● Records for the task
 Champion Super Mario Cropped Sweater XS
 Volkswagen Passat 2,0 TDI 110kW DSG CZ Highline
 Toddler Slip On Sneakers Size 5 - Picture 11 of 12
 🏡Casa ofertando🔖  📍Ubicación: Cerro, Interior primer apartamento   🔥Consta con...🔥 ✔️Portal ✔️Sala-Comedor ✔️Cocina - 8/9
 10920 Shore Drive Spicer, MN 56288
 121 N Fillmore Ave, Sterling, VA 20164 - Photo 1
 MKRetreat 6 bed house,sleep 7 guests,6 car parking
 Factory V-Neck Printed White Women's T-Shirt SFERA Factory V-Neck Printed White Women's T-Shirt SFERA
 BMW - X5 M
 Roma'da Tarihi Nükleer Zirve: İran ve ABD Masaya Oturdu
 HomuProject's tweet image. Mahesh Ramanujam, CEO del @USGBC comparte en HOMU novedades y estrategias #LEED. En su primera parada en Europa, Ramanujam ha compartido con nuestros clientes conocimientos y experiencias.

● Problem to work on
Exactly the lines from the one containing "Factory V-Neck Printed White Women's T-Shirt SFERA Factory" through the last line of the material above are to be returned, with nothing else.

● Solution to this exercise
 Factory V-Neck Printed White Women's T-Shirt SFERA Factory V-Neck Printed White Women's T-Shirt SFERA
 BMW - X5 M
 Roma'da Tarihi Nükleer Zirve: İran ve ABD Masaya Oturdu
 HomuProject's tweet image. Mahesh Ramanujam, CEO del @USGBC comparte en HOMU novedades y estrategias #LEED. En su primera parada en Europa, Ramanujam ha compartido con nuestros clientes conocimientos y experiencias.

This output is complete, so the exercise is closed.